As a leader in your diocese tasked with responsibility for safe environment training, you understand the importance of implementing effective safe environment training. The following best practices can greatly impact your safe environment training program:

Best practices in safe environment training programsRespectful of Local Diocesan Needs
While all arch/dioceses/eparchies share a common mission, no two dioceses are the same. One size does not fit all. Make sure to ask for a program that meets YOUR diocese's training needs, not those of the provider.

Cost-effective
While everyone has their own definition of "cost-effective," every diocese is responsible for effective stewardship of its diocesan budget. Look at the total budget including all aspects of developing, licensing training content, staffing, reporting and running the training program. Safe environment training does not need to be expensive to be effective!

Remember too that your volunteers spend money on gasoline, babysitters and time off work. While these expenses are not part of your budget, their impact is felt by your volunteer community and could impact volunteer recruitment and retention efforts. A safe environment training program with online learning as an option can reduce costs for both diocese and volunteers while decreasing obstacles for volunteers.

Educationally Sound
The material should be understandable at both reading and technical levels. Teaching so people understand the content and can take appropriate action requires more than presenting information. Be sure master educators designed the training.

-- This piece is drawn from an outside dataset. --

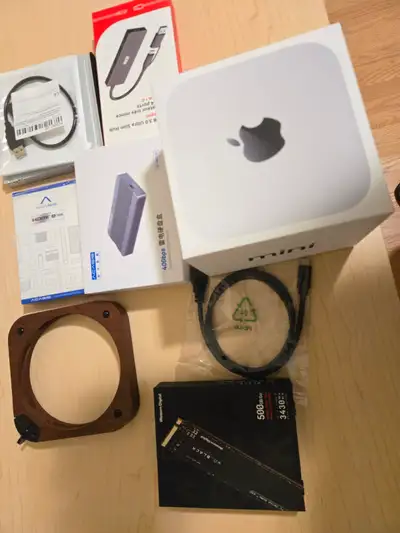 ️ Mac Mini M4 + 27” 4K Monitor + Thunderbolt acc + Controller, View more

Demonstrated Understanding
Go beyond recording attendance. Require people to pass a quiz to demonstrate their understanding of the training content before meeting their training requirement. This small requirement helps increase understanding if done correctly and assures parents that diocesan employees and volunteers learned the content.

Sustainable Change
While training once or repeating the same training over and over may meet compliance requirements, it falls short in empowering people to create safe environments. People also tire of seeing "the same training as last time" and will tune out at renewal trainings. New training content should be available every year.

Parent Involvement
Parents have ultimate responsibility for protecting their children. Parents also know their children better than anyone else. Safe environment training must be easily accessible to parents.

Availability and Accessibility
An important, and often overlooked aspect of training, is making training available when a person can best focus their attention on learning the content. For some, that time is after putting their children down for bed and relaxing with a cup of tea at their home computer. Other individuals will find several 15 minute periods and access online training over a week between meetings or while traveling on business. For others, it will be in a classroom with other volunteers.

Participants in classroom training may not be fully "present in the moment" when training is being conducted because they are focused on other things, like picking their children up from the babysitter or finishing a project at work. These people will not hear or take in the training content and may as well have not attended the training session.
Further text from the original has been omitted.